R1-2508689
discussion
Discussion on AI/ML in 6GR interface
From Xiaomi
Summary
This document from Xiaomi contains 24 Observations and 17 Proposals addressing AI/ML use cases, framework, and evaluation for the 6G radio interface. It prioritizes use cases for study, recommends joint AI/non-AI discussions in dedicated sessions, and proposes specific extensions to the AI/ML framework including multi-cell associated IDs, AI engine power states, and data collection for DMRS design.
Position
Xiaomi proposes a structured three-category approach to AI/ML use case selection (5GA-supported, extensions, and new use cases) with distinct handling per type. They propose moving specific use cases—AI-based Inter-cell/M-TRP beam prediction, Cross-frequency beam prediction, CSI prediction in frequency/spatial domain, DMRS design, and constellation generation—to their corresponding non-AI session (MIMO or Modulation) for joint AI/non-AI discussion. Regarding the AI/ML framework, Xiaomi proposes extending associated ID applicability from single-cell to multi-cell domains to support generalized UE models, and requires defining standardized AI engine power states (Deep Sleep, Light Sleep, Active Execution) with transition mechanisms. They propose data collection framework extensions enabling acquisition of dedicated bits/symbols/sequence for AI/ML-based data processing use cases like DMRS design. For evaluation methodology, Xiaomi proposes adopting TR 38.840 as baseline while removing calibration requirements using agreed-upon base AI models, and introduces energy efficiency as a new common KPI defined through operational power consumption modeling.
Key proposals
- Proposal 1 (Sec Introduction): Candidate use cases for selection can be categorized as: 5GA-supported use cases, extensions of 5GA use cases, and new use cases. Distinct approaches should be applied to handle each type.

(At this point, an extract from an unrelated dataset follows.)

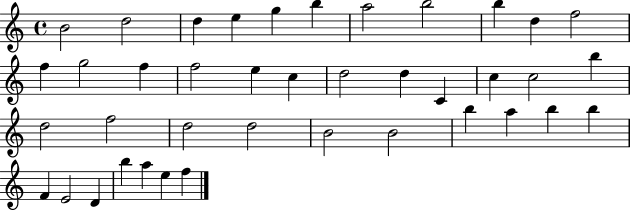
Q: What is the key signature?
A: C major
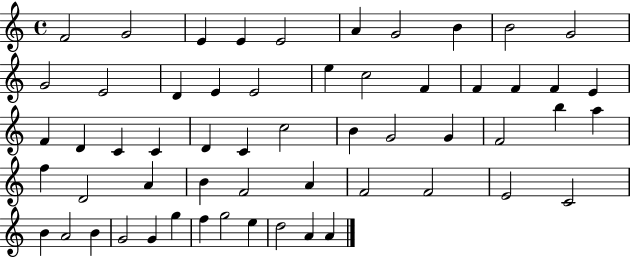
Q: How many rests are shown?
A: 0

- Proposal 3 (Sec Support of use cases in 5GA): Support 5G-A AI-based beam management and CSI prediction as 6G day 1 features, and only carry out potential specification impact study during the later phase of the 6G SI.
- Proposal 4 (Sec Extension on AI/ML for beam management): Move AI-based Inter-cell/M-TRP beam prediction to the MIMO session for joint discussion, studying common evaluation assumptions, performance comparison with non-AI solutions, generalization, and spec impact.
- Proposal 6 (Sec AI based CSI prediction): Move AI-based CSI prediction in frequency and/or spatial domain to the MIMO session for joint discussion with non-AI CSI prediction, covering evaluation assumptions, performance comparison, generalization, and spec impact.
- Proposal 7 (Sec AI assisted DMRS design): Move AI-based DMRS design to Agenda 11.8 (MIMO operation) to enable joint study with non-AI DMRS design, further evaluating sparse/superimposed DMRS with different AI receiver types for both NW and UE sides.
- Proposal 8 (Sec AI assisted constellation generation): Move the AI-based constellation design to the modulation session to discuss AI-based and non-AI-based design jointly.
- Proposal 9 (Sec AI-based CSI compression enhancement): Enable AI/ML-based CSI compression in 6GR by minimizing or eliminating inter-vendor collaboration in model training and leveraging physical layer procedures similar to traditional CSI compression.
- Proposal 10 (Sec AI/ML Framework): Guide framework extension studies by controlling UE complexity/cost, maintaining excellent user experience (energy efficiency, privacy), and extending data collection for new sample types (e.g., transmission data bits/symbols).
- Proposal 11 (Sec AI/ML Framework): Establish a dedicated agenda item for AI/ML framework discussions in future meetings.
- Proposal 12 (Sec AI/ML Framework): Unique associated ID among multiple cells should be supported to ensure more efficient network condition check.
- Proposal 13 (Sec AI/ML Framework): Extend the AI/ML framework by defining standardized power states of the AI/ML engine and transition mechanisms among different power states.
- Proposal 14 (Sec AI/ML Framework): Consider data collection extension for data processing related use cases, e.g., defining dedicated bits/symbols/sequence for data collection.
- Proposal 15 (Sec AI/ML Evaluation Methodology): Adopt TR 38.840 Section 6 methodology as baseline, incorporating field data for training/testing and removing the requirement for calibration using agreed-upon baseline AI model(s).
- Proposal 16 (Sec AI/ML Evaluation Methodology): Consider common KPIs from TR 38.843 Section 6.1 as starting point, and further consider energy efficiency of AI operation as one additional common KPI.
- Proposal 17 (Sec AI Energy consumption evaluation): Define an energy efficiency KPI based on power states including active execution energy and light sleep energy.